Well, you really don't have to dig very deep to realize we weren't founded on Christianity, per se. But we were definitely founded on a political philosophy that presupposed a strong moral and ethical social fabric rooted in Western thought, which is ethically dominated by Judeo-Christian values and cosmology (concept of reality). Most of the Founding Fathers were, in fact, various types of Christians in their religious backgrounds, but a few were atheists, a few key framers were Deists, a couple were Jewish, etc. Deists still basically believed in a Western concept of God. They just didn't believe he intervened in the lives of men or in nature. "The Great Clockmaker" is the phrase that gets used most often to explain Deism. He created it, wound it up, and then left it alone to run its course. Jefferson, the author of both the Declaration of Independence and the Constitution, was a Deist. But your point remains, however we refine the language.

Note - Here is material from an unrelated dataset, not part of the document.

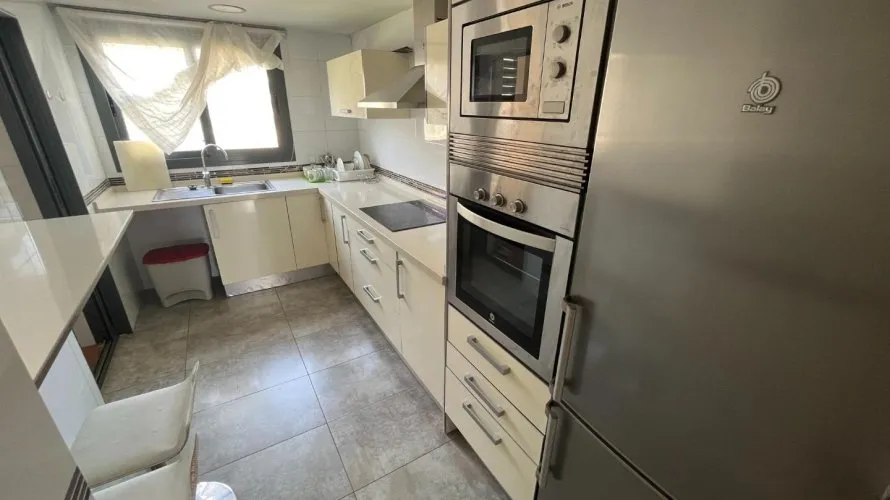 Apartment de 2 chambres à Alicante, Espagne No. 1072 № 6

You are indeed correct. When you rip any of the fundamental assumptions out of the equation of the American Experiment (as they called it), it begins to fail rather quickly. Several of the Founders wrote about these possibilities, too. Take an educated and informed electorate out of the equation and you have failure. Allow political parties to dominate governance and you have failure. Lose a strong moral fabric that keeps individual liberty restrained in its excesses and you have failure. They warned strongly against all of these, and we have raced down all three of these paths hell-bent for damnation.